But, the macabre fantasy brightens up quickly with the bisected horse in his childhood classroom. When the killer imagines himself as a king with a long purple cape, it unfurls, rippling along the wall. Eventually, he is shining in gold. Her final warrior costume matches his self-image.

Early CGI adds to the surreal feel. Plus, back then they still transferred CGI to film, so it adds many layers to the images.

But there’s still haunting, creepy stuff before The Cell enters the mind, like the hooks the killer uses to hang over his victims.

The soundscape of the mind surrounds you too. In the real world, trains zoom behind you.
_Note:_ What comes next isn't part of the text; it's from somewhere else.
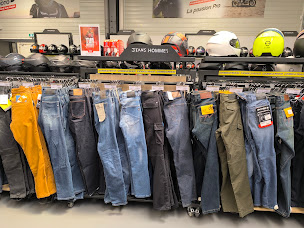 Photo n°3 de DAFY MOTO VILLEFRANCHE à Limas (Atelier de mécanique automobile)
Tarsem gives a 90 minute interview for the new 4K. Among the subjects he discusses are art, Davids Fincher and Lynch, the one argument he had and lost with Lopez, the favor she in turn did for him, adding breasts to the female bodybuilder but much more as you can imagine 90 minutes encompasses.

Director of Photography Paul Laufer talks for about half that time and details the technical process and communications between all the departments.

Two new commentaries offer new retrospective looks from the archival ones. Screenwriter Mark Protosevich goes into the spec sale and studio turnaround with Kay Lynch. Once the film gets going he talks about differences between Tarsem’s production and his writing.

The Critic commentary by Alexandra Heller-Nicholas and Josh Nelson is also well researched pulling from interviews in the last 20 years and the original press Kit. They also have Australian sources so they’re different than the usual Hollywood ones.